# EXERCISE AIM:
Across the whole listing, copy out every line that includes the string "Foto".

# DATASET EXTRACT:
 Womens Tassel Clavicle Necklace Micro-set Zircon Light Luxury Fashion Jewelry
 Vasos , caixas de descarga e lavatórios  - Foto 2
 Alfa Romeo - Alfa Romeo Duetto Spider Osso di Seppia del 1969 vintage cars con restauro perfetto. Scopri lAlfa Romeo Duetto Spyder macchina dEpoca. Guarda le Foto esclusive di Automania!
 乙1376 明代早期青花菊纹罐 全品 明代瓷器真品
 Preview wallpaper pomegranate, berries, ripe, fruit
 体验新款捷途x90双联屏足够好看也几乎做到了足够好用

# TASK RESPONSE:
 Vasos , caixas de descarga e lavatórios  - Foto 2
 Alfa Romeo - Alfa Romeo Duetto Spider Osso di Seppia del 1969 vintage cars con restauro perfetto. Scopri lAlfa Romeo Duetto Spyder macchina dEpoca. Guarda le Foto esclusive di Automania!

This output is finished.